Scheduling System - Airflow

Scheduling System - Airflow#

Selection of Scheduling Systems#

Current open-source scheduling systems can be divided into two categories:

Time-based scheduling systems, where the core design focuses on scheduled execution, data sharding, and elastic scaling, but they are not very friendly in terms of dependency support, making them more suitable for backend business development. Representatives include XXL-JOB and Elastic-Job.
Workflow scheduling systems centered around DAGs, which emphasize task dependencies. Common examples include:
1. Oozie: Oozie is developed based on XML format and can be visually configured after integration into Hue. However, its drawbacks are also evident, such as poor version management and log collection, low development flexibility, and a limited number of schedulable tasks. Additionally, its definitions are overly complex, leading to high maintenance costs. The core issue is the lack of the concept of shared variables and shared connection information.
2. Azkaban: Similar to Oozie, the core issue remains the lack of the concept of shared variables and shared connection information.
3. Airflow
4. Dolphinscheduler: A recently open-sourced Apache incubator project, developed and contributed by Chinese developers.

Basic Usage of Airflow#

Basic Concepts#

DAG: Stands for Directed Acyclic Graph, which defines the entire job in Airflow. All tasks within the same DAG share the same scheduling time.
Task: A specific job task within a DAG, which must exist within a particular DAG. Tasks in a DAG configure dependencies, and cross-DAG dependencies are possible but not recommended. Cross-DAG dependencies can reduce the intuitiveness of the DAG graph and complicate dependency management.
DAG Run: A DAG Run occurs when a DAG meets its scheduling time or is triggered externally. It can be understood as an instance instantiated by the DAG.
Task Instance: A Task Instance is created when a Task is scheduled to start. It can be understood as an instance instantiated by the Task.

Basic Architecture#

Airflow is a queue system built on a metadata database. The database stores the status of queued tasks, and the scheduler uses these statuses to determine how to prioritize adding other tasks to the queue. This functionality is orchestrated by four main components:

Metadata Database: This database stores information about task statuses. The database executes updates using an abstraction layer implemented in SQLAlchemy. This abstraction layer cleanly separates the functionality of the remaining components of Airflow from the database.
Scheduler: The scheduler is a process that uses the DAG definitions combined with task statuses in the metadata to decide which tasks need to be executed and the execution priority of those tasks. The scheduler typically runs as a service.
Executor: The Executor is a message queue process that is bound to the scheduler, used to determine the worker processes that will actually execute each scheduled task. There are different types of executors, each using a specified worker process class to execute tasks. For example, LocalExecutor executes tasks using parallel processes running on the same machine as the scheduler process. Other executors, like CeleryExecutor, use worker processes that exist in a separate cluster of worker machines.
Workers: These are the processes that actually execute the task logic, determined by the executor in use.

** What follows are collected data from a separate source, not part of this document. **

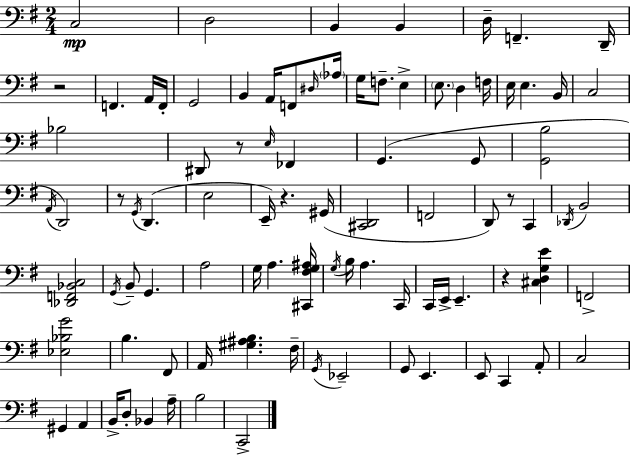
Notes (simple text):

C3/h D3/h B2/q B2/q D3/s F2/q. D2/s R/h F2/q. A2/s F2/s G2/h B2/q A2/s F2/e D#3/s Ab3/s G3/s F3/e. E3/q E3/e. D3/q F3/s E3/s E3/q. B2/s C3/h Bb3/h D#2/e R/e E3/s FES2/q G2/q. G2/e [G2,B3]/h A2/s D2/h R/e G2/s D2/q. E3/h E2/s R/q. G#2/s [C#2,D2]/h F2/h D2/e R/e C2/q Db2/s B2/h [Db2,F2,Bb2,C3]/h G2/s B2/e G2/q. A3/h G3/s A3/q. [C#2,F#3,G3,A#3]/s G3/s B3/s A3/q. C2/s C2/s E2/s E2/q. R/q [C#3,D3,G3,E4]/q F2/h [Eb3,Bb3,G4]/h B3/q. F#2/e A2/s [G#3,A#3,B3]/q. F#3/s G2/s Eb2/h G2/e E2/q. E2/e C2/q A2/e C3/h G#2/q A2/q B2/s D3/e Bb2/q A3/s B3/h C2/h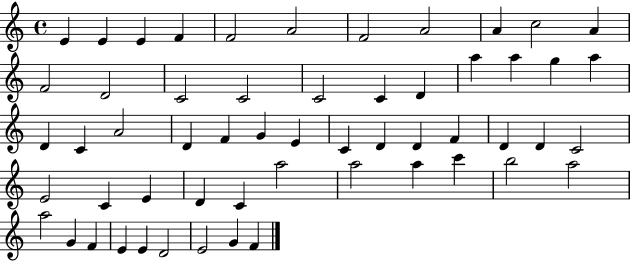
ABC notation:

X:1
T:Untitled
M:4/4
L:1/4
K:C
E E E F F2 A2 F2 A2 A c2 A F2 D2 C2 C2 C2 C D a a g a D C A2 D F G E C D D F D D C2 E2 C E D C a2 a2 a c' b2 a2 a2 G F E E D2 E2 G F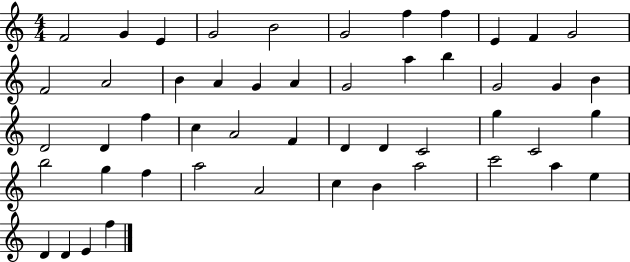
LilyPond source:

{
  \clef treble
  \numericTimeSignature
  \time 4/4
  \key c \major
  f'2 g'4 e'4 | g'2 b'2 | g'2 f''4 f''4 | e'4 f'4 g'2 | \break f'2 a'2 | b'4 a'4 g'4 a'4 | g'2 a''4 b''4 | g'2 g'4 b'4 | \break d'2 d'4 f''4 | c''4 a'2 f'4 | d'4 d'4 c'2 | g''4 c'2 g''4 | \break b''2 g''4 f''4 | a''2 a'2 | c''4 b'4 a''2 | c'''2 a''4 e''4 | \break d'4 d'4 e'4 f''4 | \bar "|."
}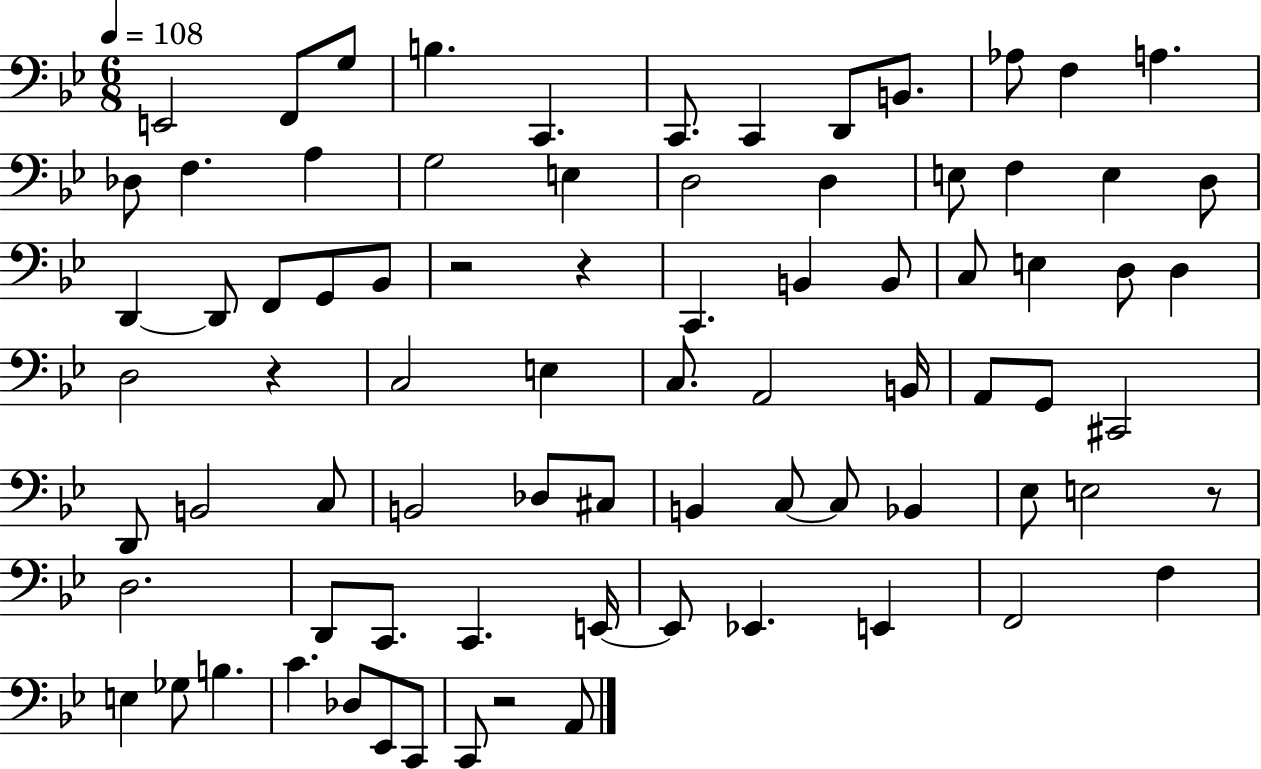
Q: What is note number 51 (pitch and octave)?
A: B2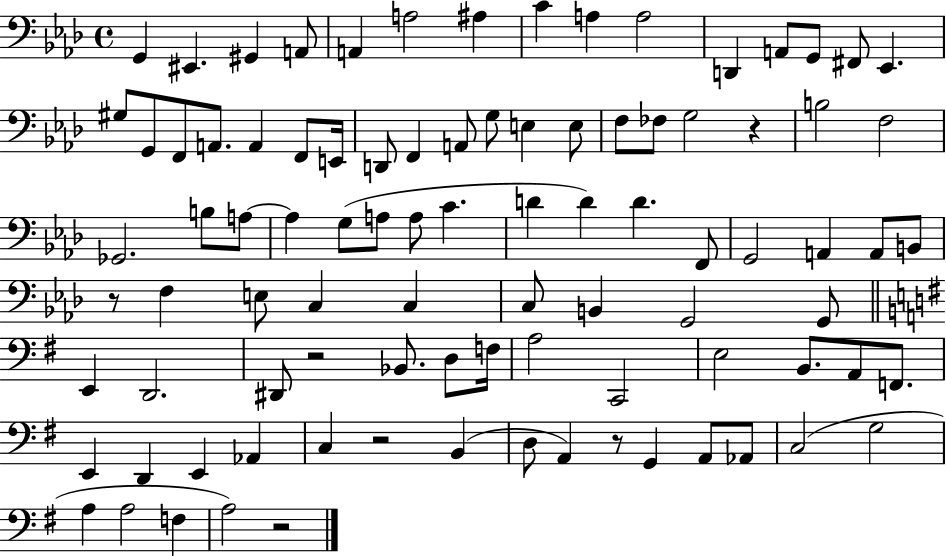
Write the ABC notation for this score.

X:1
T:Untitled
M:4/4
L:1/4
K:Ab
G,, ^E,, ^G,, A,,/2 A,, A,2 ^A, C A, A,2 D,, A,,/2 G,,/2 ^F,,/2 _E,, ^G,/2 G,,/2 F,,/2 A,,/2 A,, F,,/2 E,,/4 D,,/2 F,, A,,/2 G,/2 E, E,/2 F,/2 _F,/2 G,2 z B,2 F,2 _G,,2 B,/2 A,/2 A, G,/2 A,/2 A,/2 C D D D F,,/2 G,,2 A,, A,,/2 B,,/2 z/2 F, E,/2 C, C, C,/2 B,, G,,2 G,,/2 E,, D,,2 ^D,,/2 z2 _B,,/2 D,/2 F,/4 A,2 C,,2 E,2 B,,/2 A,,/2 F,,/2 E,, D,, E,, _A,, C, z2 B,, D,/2 A,, z/2 G,, A,,/2 _A,,/2 C,2 G,2 A, A,2 F, A,2 z2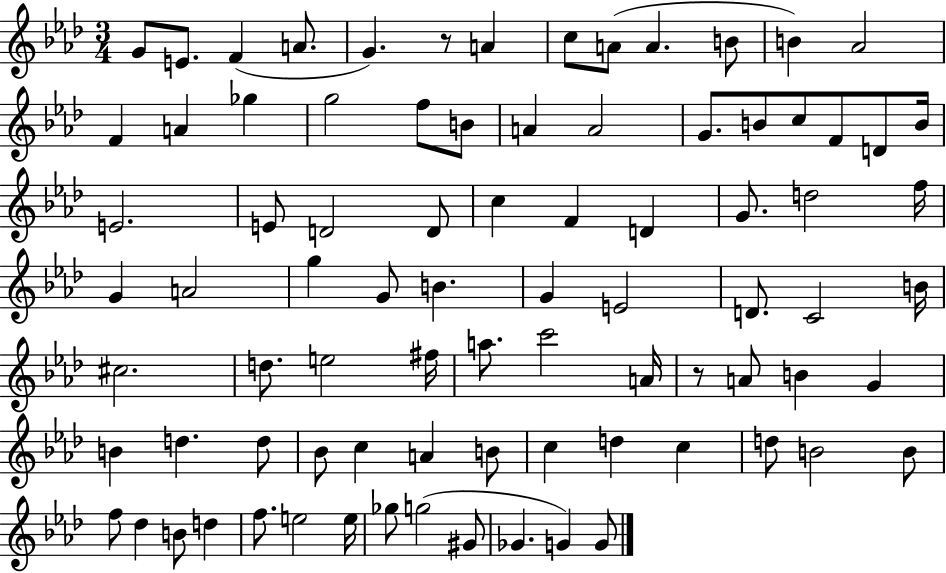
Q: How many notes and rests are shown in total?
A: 84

The operation of Airflow is built on the metadata database that stores task statuses and workflows (i.e., DAGs). The scheduler and executor send tasks to the queue for worker processes to execute. The WebServer runs (often on the same machine as the scheduler) and communicates with the database to present task statuses and execution logs in the Web UI. Each colored box indicates that each component can exist independently of the others, depending on the type of deployment configuration.

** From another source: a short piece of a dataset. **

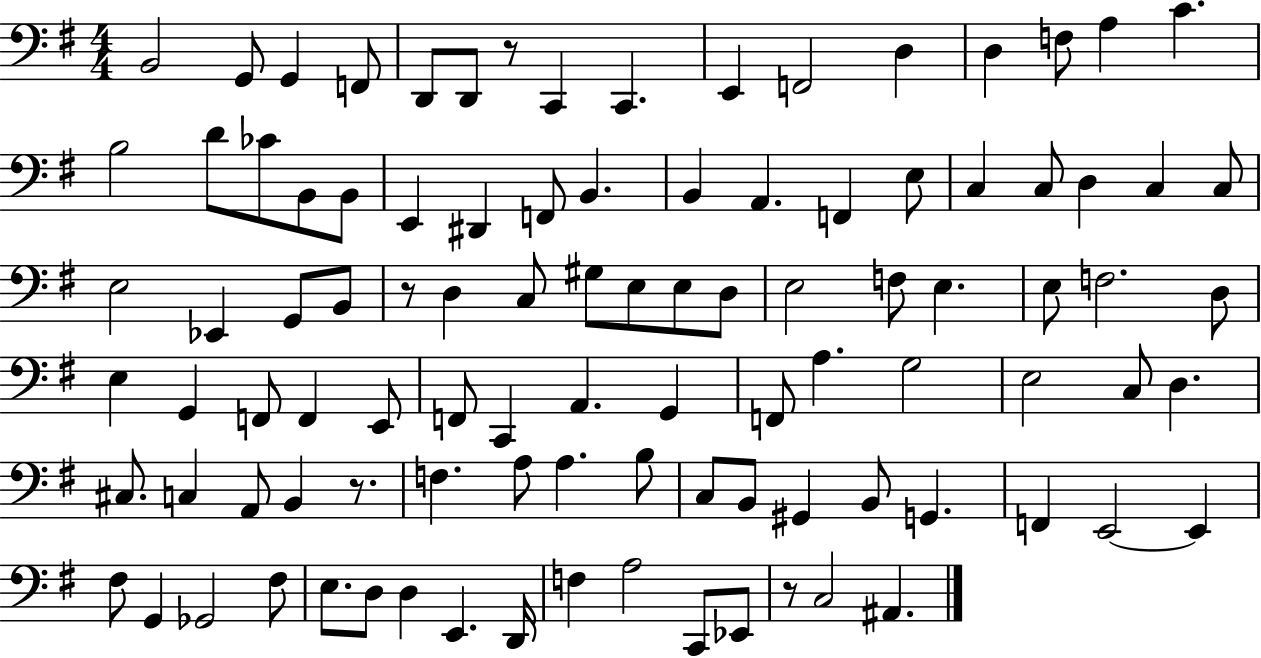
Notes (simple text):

B2/h G2/e G2/q F2/e D2/e D2/e R/e C2/q C2/q. E2/q F2/h D3/q D3/q F3/e A3/q C4/q. B3/h D4/e CES4/e B2/e B2/e E2/q D#2/q F2/e B2/q. B2/q A2/q. F2/q E3/e C3/q C3/e D3/q C3/q C3/e E3/h Eb2/q G2/e B2/e R/e D3/q C3/e G#3/e E3/e E3/e D3/e E3/h F3/e E3/q. E3/e F3/h. D3/e E3/q G2/q F2/e F2/q E2/e F2/e C2/q A2/q. G2/q F2/e A3/q. G3/h E3/h C3/e D3/q. C#3/e. C3/q A2/e B2/q R/e. F3/q. A3/e A3/q. B3/e C3/e B2/e G#2/q B2/e G2/q. F2/q E2/h E2/q F#3/e G2/q Gb2/h F#3/e E3/e. D3/e D3/q E2/q. D2/s F3/q A3/h C2/e Eb2/e R/e C3/h A#2/q.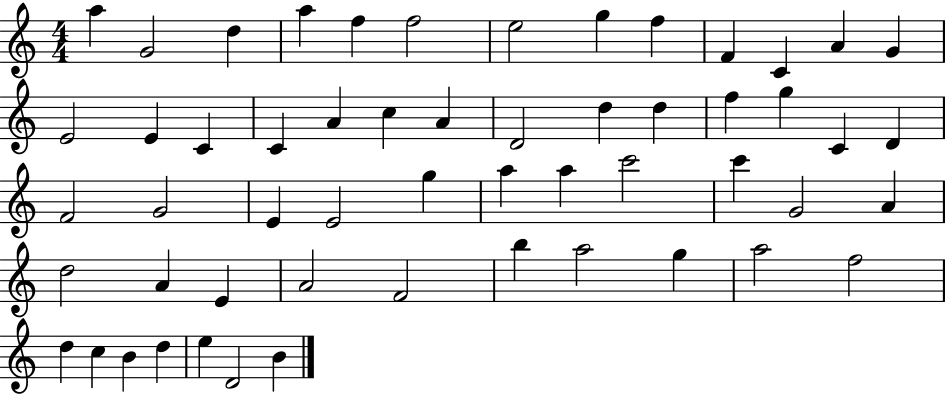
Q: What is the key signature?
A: C major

Installation and Deployment#

Install via pip: pip install apache-airflow
Modify the environment variable to create a new directory specified as AIRFLOW_HOME.
The first execution of the airflow command will initialize and generate the airflow.cfg file in the AIRFLOW_HOME directory.

[root@server ~]# airflow

Create a new MySQL database airflow and configure permissions.

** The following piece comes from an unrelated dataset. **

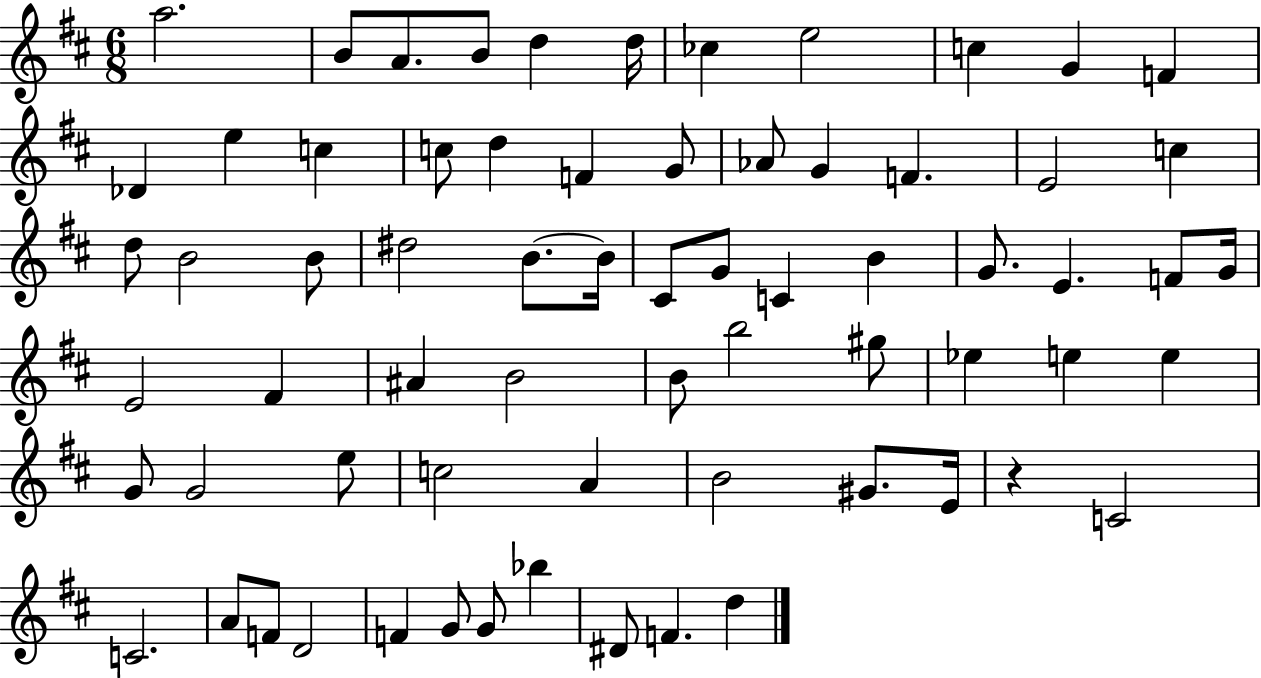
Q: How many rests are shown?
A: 1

  mysql > create database airflow default character set utf8;
  mysql > grant all on *.* to airflow@localhost identified by 'airflow_test';

Initialize the airflow database.

[root@server ~]# airflow initdb

Modify airflow.cfg.

web_server_host = IP
web_server_port = HOST
executor = LocalExecutor
sql_alchemy_conn = MySQL database address

Start the daemon (using supervisord to run in the background).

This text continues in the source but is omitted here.